Just work out the vapor pressure
Above I've recycled an image from your other ammonia question, which tells more than you might realize.
Suppose your desert is a scorching 40 C. We look that up on this chart and it's maybe ... 16 atm. If your tidally locked planet has an atmosphere 16 times the pressure of Earth's, and there is a region over 40 C, it should be dry. At least, unless some perverse vagary of the world builder makes it lower than sea level - otherwise there could be a contest with inflowing ammonia, even a vast boiling planetary delta, but let's not get sidetracked.
The desert above isn't much like Earth's! On Earth we don't have a water atmosphere over water and dry land; we have an atmosphere with a slight amount of water over these. Our land is dry at far less than 100 C, and then we think a great deal about how dry. So how do we get there? Well, you'll need a second gas in your atmosphere. Nitrogen and hydrogen sound likely, though there are other possibilities. The point is, if your atmosphere is 100 times denser than Earth's, but only 16% is ammonia, then the ammonia will still boil away at 40 C. The vapor pressure of the liquid ammonia on the ground is the same, and if it's more than that in the atmosphere, it dries.
If that sounds like a lot of ammonia to have in the air for it to dry, well ... it is.
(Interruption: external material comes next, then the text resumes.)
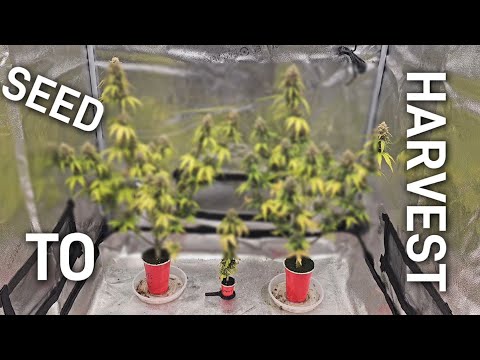 Complete Seed to Harvest Solo Cup Autoflower Grow, Spiderfarmer SE-5000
If you look at water's diagram you see water starts off with a very steep curve, in log terms, so that the pressure at 373 K (1 atm = 101 J/L) is roughly 100 times greater than at 273 K. If we were using water at a high temperature near the critical point like ammonia, we'd have to have much more water vapor in the atmosphere to have an equilibrium of wet and dry.
Still, your planet can sustain wet and dry land. It can have deserts where the temperature is hot, or on high ground which reduces the vapor pressure of ammonia in the air and receives updrafts of expanding/cooling air from lower altitudes. (Frozen mountains are probably out of the picture, due to the red line on the left and the strong heat conduction of a thick atmosphere)